Why has 'cat' this strange time behaviour?

I'm using cat to pipe different files into one big file. The number of different files varies, from two files up to ten, but the total size of all files is always the same (a couple of GB).

My problem: Whenever I get to the case where I have a total of six files, the time it takes to concatenate them peaks (i.e significantly more than with five or seven), and I have no idea why.

Anyone has an idea?

The files (all same size)

output
outputTEMP1
outputTEMP2
outputTEMP3
outputTEMP4
outputTEMP5

Command

cat outputTEMP* >> output && rm -f outputTEMP*

Currently, the Machine has to perform some calculations, but I will update later when new measurements are available.


One way to debug this problem is to use strace.

strace -tt -e trace=open,close -o /tmp/strace.cat.log cat apt.list authors.txt >/tmp/t.test
cat /tmp/strace.cat.log 

23:12:08.022588 open("apt.list", O_RDONLY|O_LARGEFILE) = 3
23:12:08.023451 close(3)                = 0
23:12:08.023717 open("authors.txt", O_RDONLY|O_LARGEFILE) = 3
23:12:08.025403 close(3)                = 0

-tt option logs the time stamp of system call to milli-seconds resolution. -e trace=open,close log only open,close API. Try remove them and you will see a very noisy log file.


So Davides comment is spot on.
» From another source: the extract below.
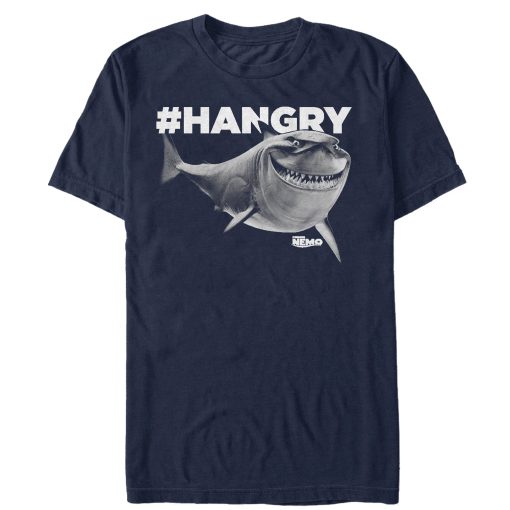 Men’s Finding Nemo Bruce #Hangry T-Shirt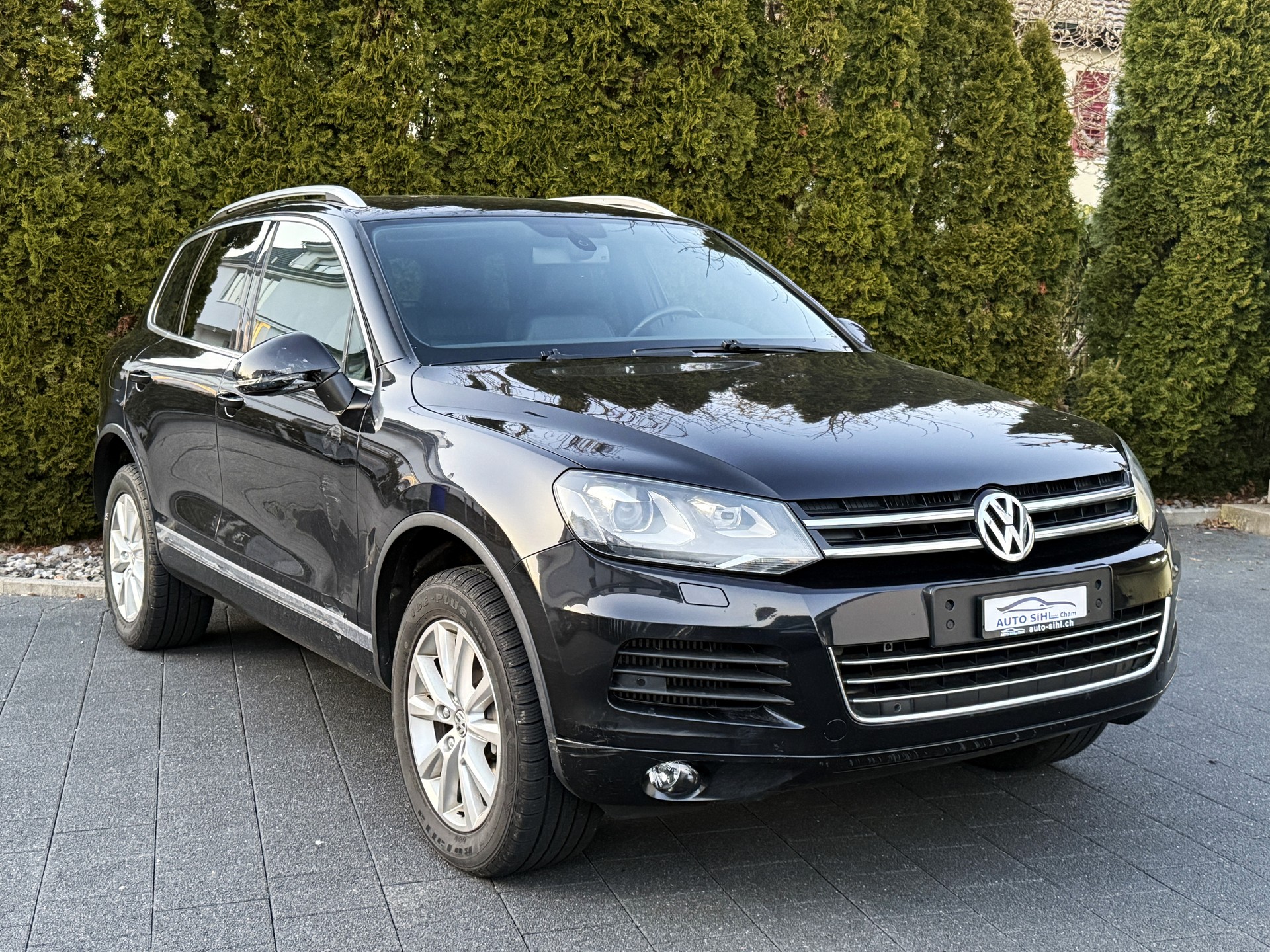 VW Touareg 3.0 TDI BlueMotion Technology Tiptronic / Ab MFK / Anhängerkupplung 3500kg-image-3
We need two things here, to do an accurate assessment:

  1. assurance caching isn't part of the scenario
  2. actual measurement of the time it's taking.

Assuming you have the disk space I'll describe a test scenario that'll more accurately determine if this is a real issue. If so, the supporting evidence from this approach WILL help the developers to know it's real and be able to reproduce it.

To help with problem isolation let's not do the rm part here at all. let the TEMP files sit around afterward. You can then repeat the tests doing the 'rm' part later, if you wish.

Here's the test scenario:

  • make 9 directories - one for each quantity of files ( 2 3 4 5 6 7 8 9 and 10) - if you don't have space, maybe just do 2, 5, 6, 7, and 10.
  • ensure you are putting DIFFERENT files into each of these directories; NO duplicates anywhere
  • use the time command like this:

    time (cat outputTEMP* >> output)

Capture the real, user, and sys numbers reported for each test you run.

I agree with Reynolds; if this is real, you should definitely email details to [email protected].